Pourquoi et comment est né Mea Ayaya ?
Je fais confiance au hasard et au destin de plus en plus. En 2019, comme tous les étés, je suis partie en Sardaigne voir ma famille. Cette période est toujours propice à la remise en question pour moi. Il y a un rocher sur lequel je vais m’installer face à la mer et je me questionne sur l’année écoulée, sur ce que je veux. Je l’appelle ma “thérapie du rocher”. Je n’étais pas épanouie au point de vue management dans mon boulot. Le même mois, ma grand-mère, mea ayaya en sarde, est décédée. À sa mort, elle m’a légué sa bague de fiançailles réalisée en filigrane sarde. Ça a remué beaucoup de choses. Le jour de mon départ pour Paris, je suis arrivée devant l’avion et j’ai pleuré. J’ai décidé de ne pas rentrer en France pour essayer de comprendre ce qui se passait dans ma tête. J’en ai parlé à mon père qui, depuis qu’il est à la retraite, vit en permanence dans son jardin de Sardaigne comme un ermite. Il m’a soutenue et m’a proposé de partir ensemble à la rencontre de l’orfèvrerie sarde. À partir de là a commencé l’aventure Mea Ayaya. En octobre, la société était créée. En novembre, les premiers bijoux étaient prêts. En décembre, je faisais ma première vente. En 3 mois, Mea Ayaya existait, comme s’ il y avait une urgence. Alors, évidemment, il y a eu énormément de travail et de doutes, mais il y a aussi eu une sorte d’alignement, une évidence, tout se mettait en place.
Il y a un rocher sur lequel je vais m’installer face à la mer et je me questionne sur l’année écoulée. Je l’appelle ma “thérapie du rocher”
Ce projet est intrinsèquement lié aux lignées de femmes. Était-ce quelque chose de conscient lorsque tu en as eu l’idée ?
Je ne l’ai pas tout de suite conscientisé.

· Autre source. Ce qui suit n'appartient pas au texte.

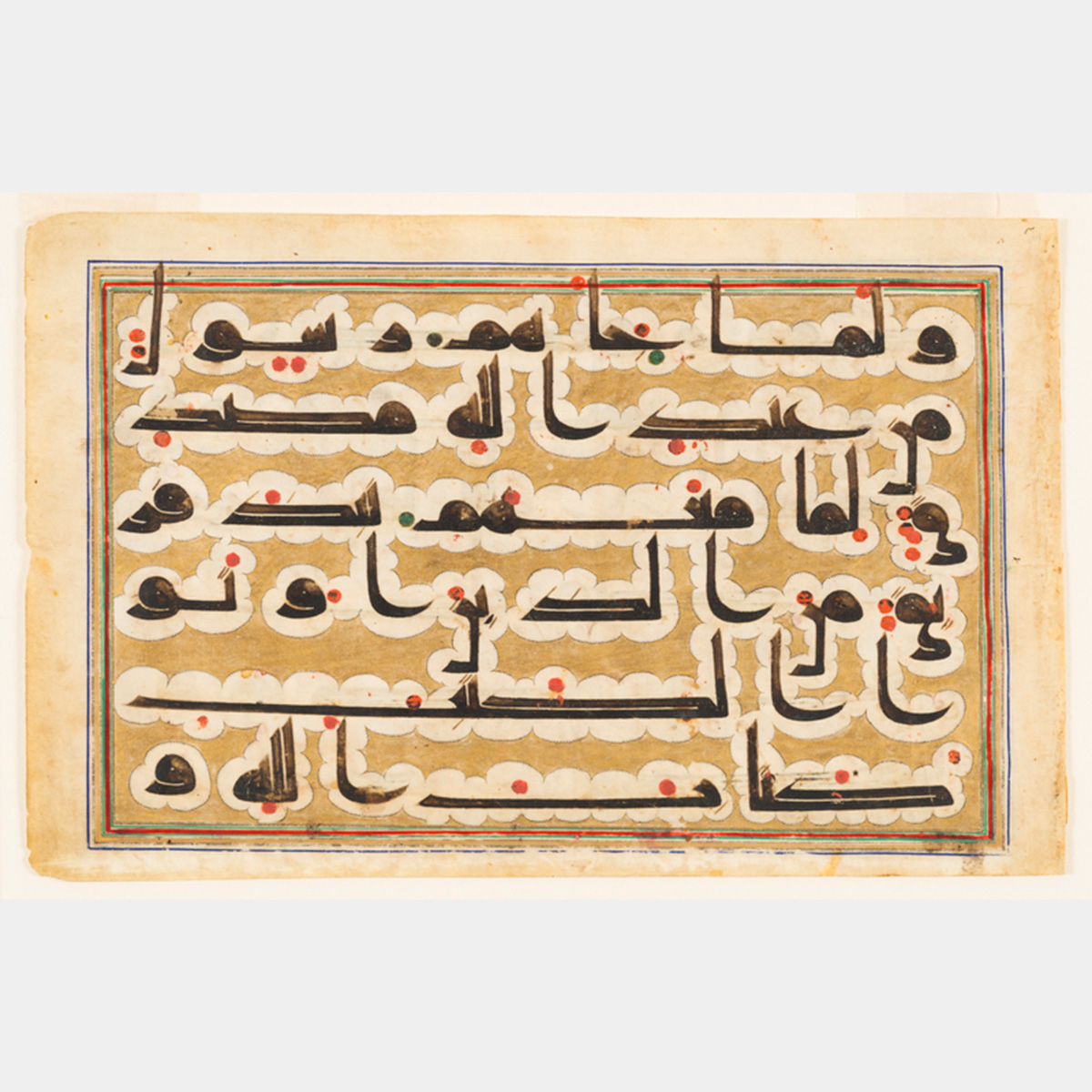 Arabic writing with red accents on a yellowed page
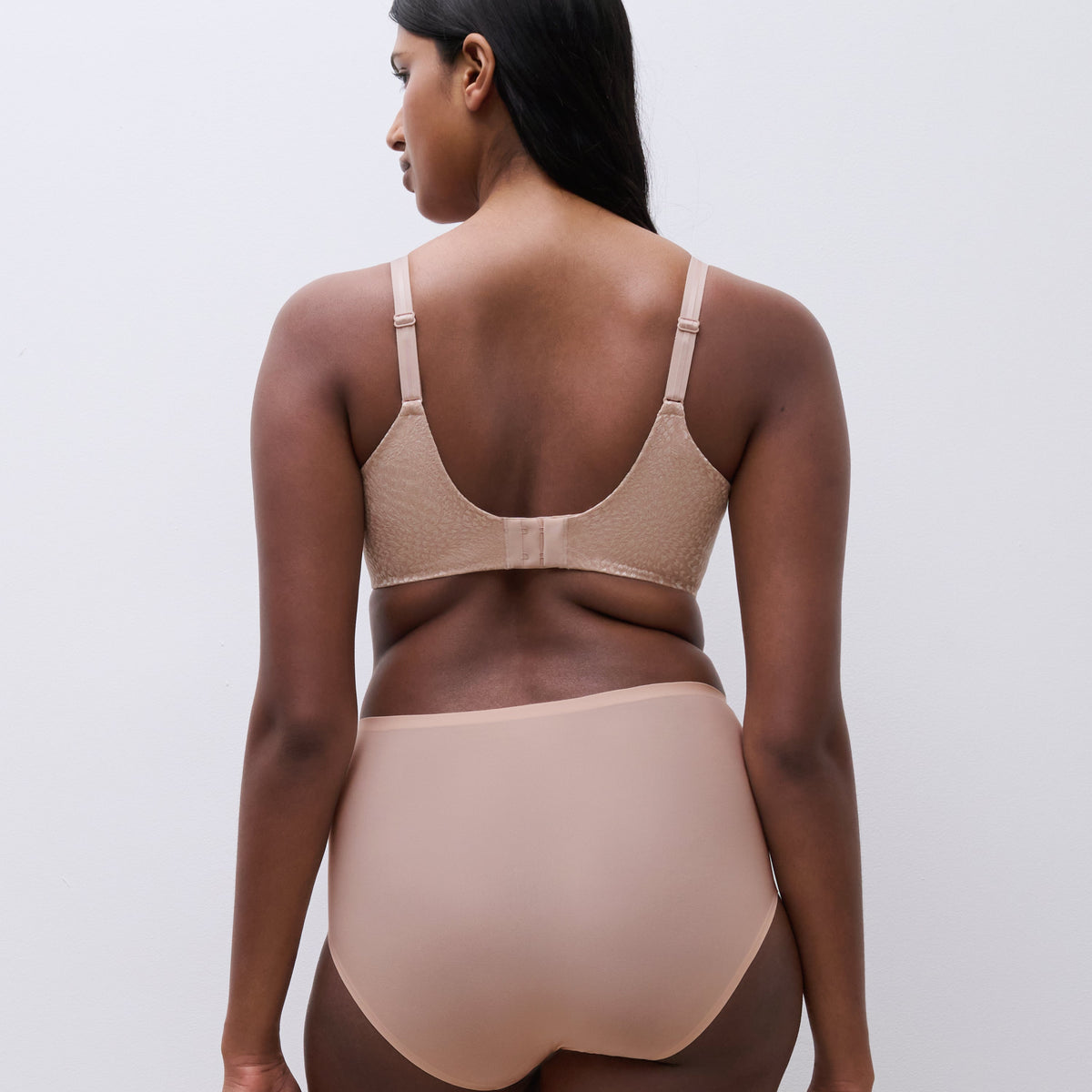A woman shown from the back wearing a beige bra and matching high-waisted shapewear briefs against a plain light gray studio background.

Tout est parti du décès de ma grand-mère, je ne savais pas comment faire mon deuil. Mea Ayaya, c’était ma manière à moi de lui rendre hommage avec la création de quelque chose. Depuis toujours, je dois transformer mes émotions en création, j’avais l’habitude de le faire avec la danse, mais cette fois, la danse n’a pas suffi. Ma grand-mère était une femme extrêmement coquette, romantique, me parlait de ses amants passés… J’ai eu envie d’en faire une égérie. C’était ma façon de continuer à la faire vivre.
Après, je me suis rendue compte que dans ma vie, un des éléments centraux étaient les femmes de ma famille : la mère de mon père mais aussi ma grand-mère maternelle (je l’appelais 6 fois par semaine) et évidemment ma mère. On était tout le temps ensemble toutes les 4 ! J’ai grandi avec ce côté très féminin. J’ai eu cette chance qu’elles étaient des femmes très libérées, il n’y avait de tabou sur aucun sujet (le mariage, la sexualité, l’épanouissement de la femme à tous les âges, la ménopause,… ). Il y avait une intimité forte, une transparence. Cette lignée de femmes, c’est mon fil conducteur.
J’ai alors décidé d’interroger autour de moi d’autres filles de mon âge à propos de leurs grands-mères, leur lignée de femmes. Je me suis rendue compte que ce lien intime était universel et très fort tout en prenant évidemment des formes différentes. Pour le lancement de Mea Ayaya, 60 femmes m’ont raconté avec leur regard ce que leurs grands-mères avaient apporté dans leur développement de jeune fille à femme. Ça a pris tout de suite sur Instagram, en ne postant que des photos des grand-mères des filles de mon entourage, je ne postais même pas encore les bijoux au début. J’ai commencé à recevoir des messages d’inconnues avec les photos et les histoires de leurs grands-mères. Elles voulaient que je les raconte pour elles. J’ai trouvé ça formidable : arriver à ma petite échelle à libérer une parole, non pas révolutionnaire, mais qui fait du bien.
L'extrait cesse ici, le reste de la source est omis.